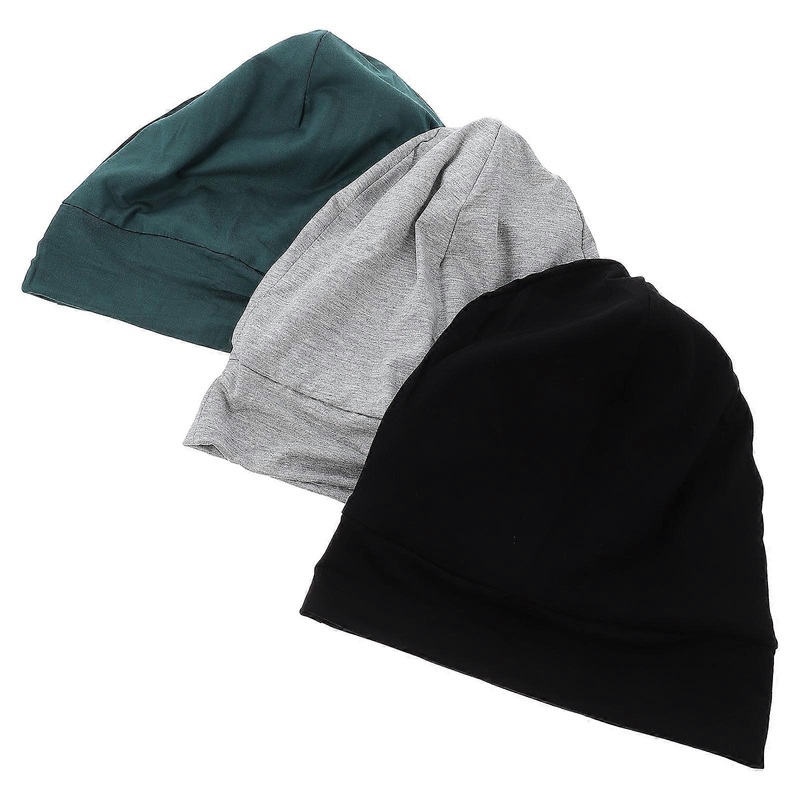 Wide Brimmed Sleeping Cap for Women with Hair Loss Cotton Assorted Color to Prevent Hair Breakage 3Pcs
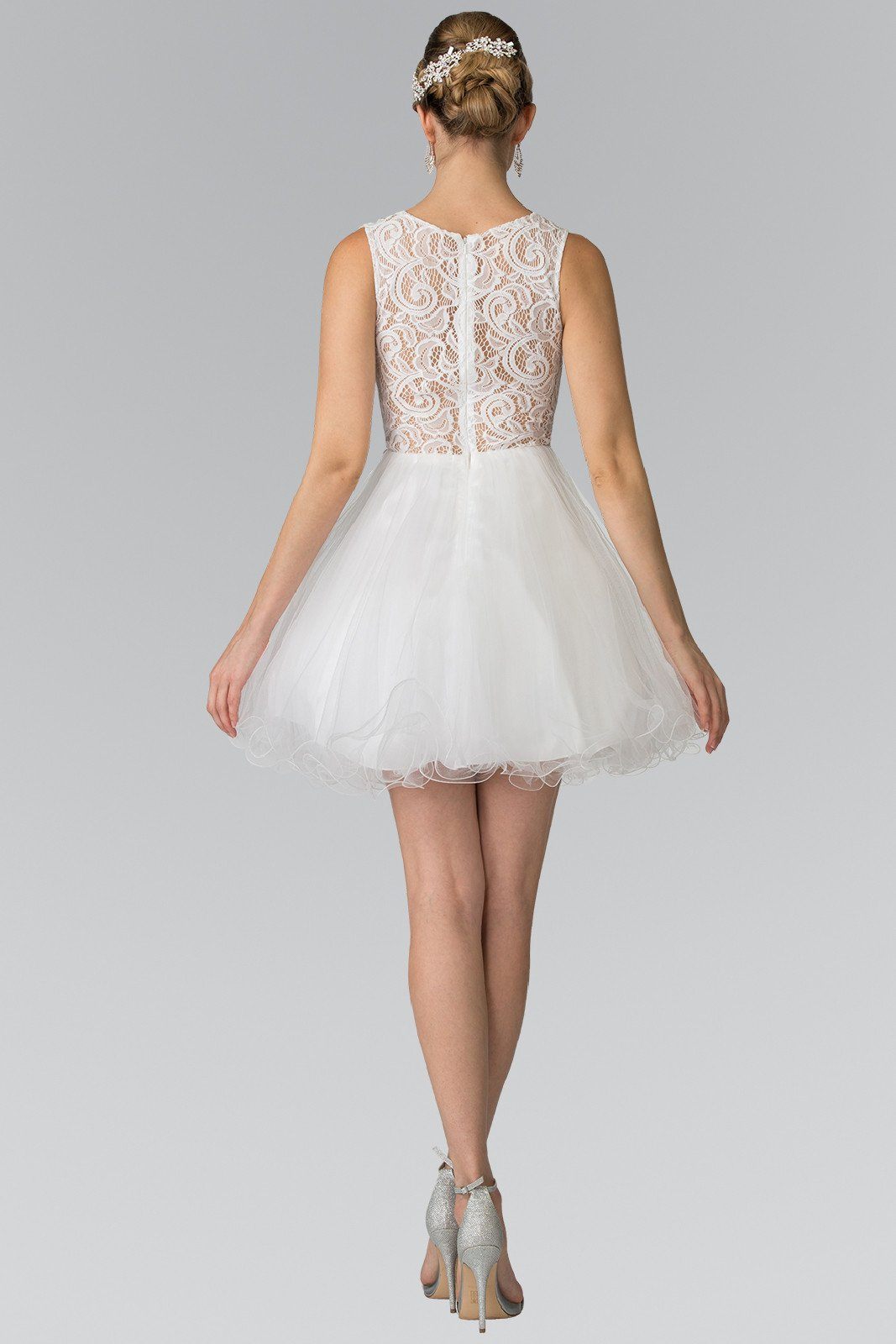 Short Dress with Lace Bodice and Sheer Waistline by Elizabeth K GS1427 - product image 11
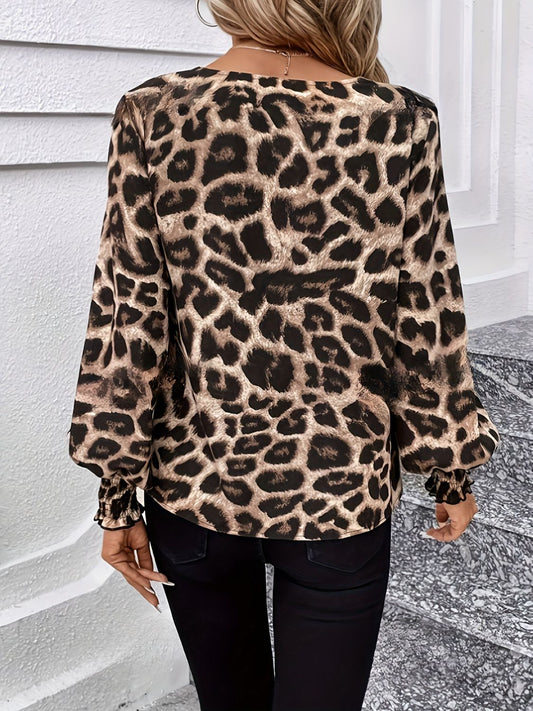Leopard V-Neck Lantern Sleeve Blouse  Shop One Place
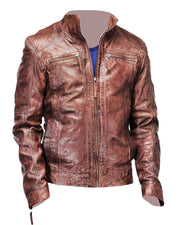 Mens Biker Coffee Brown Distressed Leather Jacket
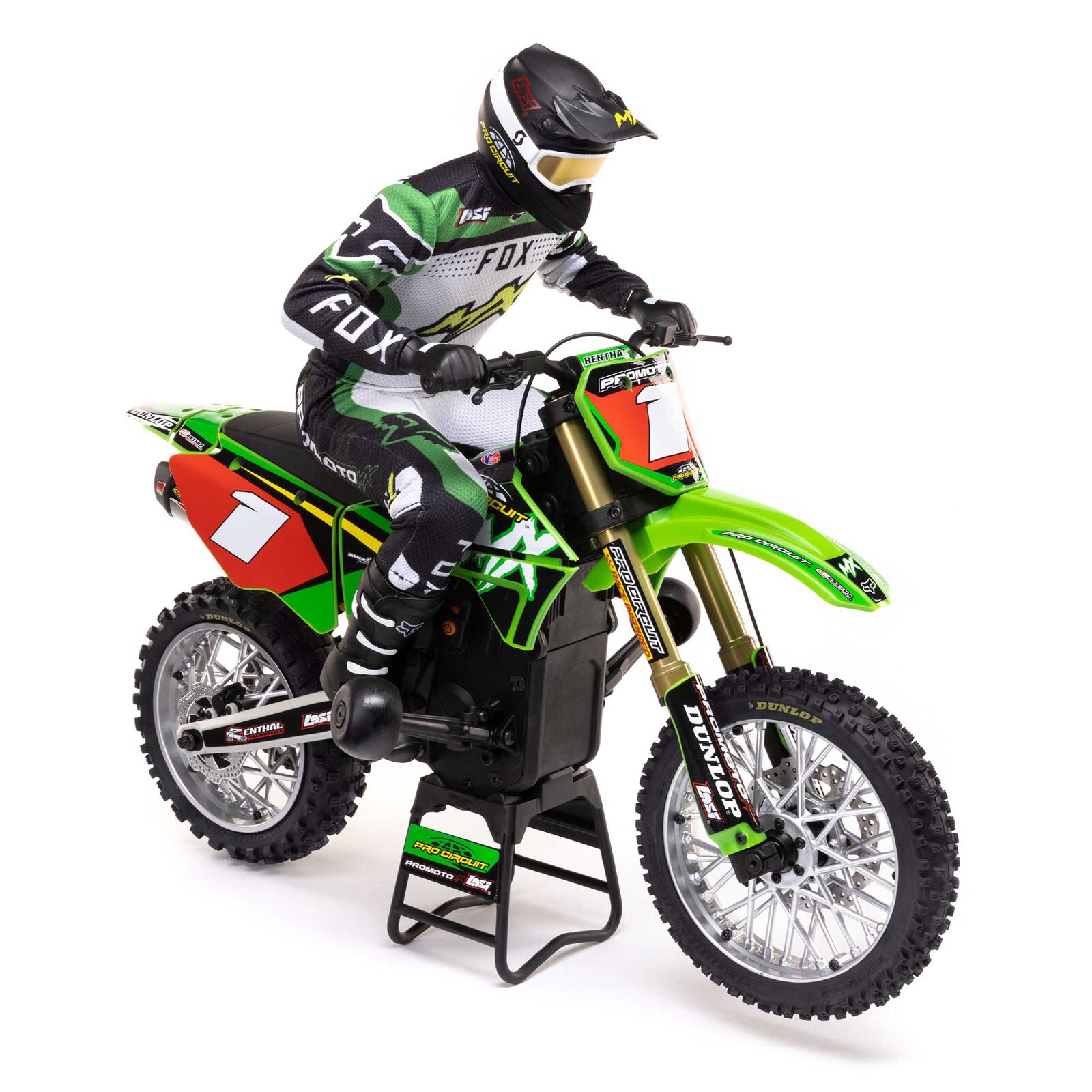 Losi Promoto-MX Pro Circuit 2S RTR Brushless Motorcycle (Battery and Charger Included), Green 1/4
- - -
**EXERCISE INSTRUCTIONS:** From the line holding "Short Dress with" through the last line of the material above, each line should be written out exactly, both included; omit the pictures.

**WRITTEN RESPONSE:**
 Short Dress with Lace Bodice and Sheer Waistline by Elizabeth K GS1427 - product image 11
Leopard V-Neck Lantern Sleeve Blouse  Shop One Place
 Mens Biker Coffee Brown Distressed Leather Jacket
 Losi Promoto-MX Pro Circuit 2S RTR Brushless Motorcycle (Battery and Charger Included), Green 1/4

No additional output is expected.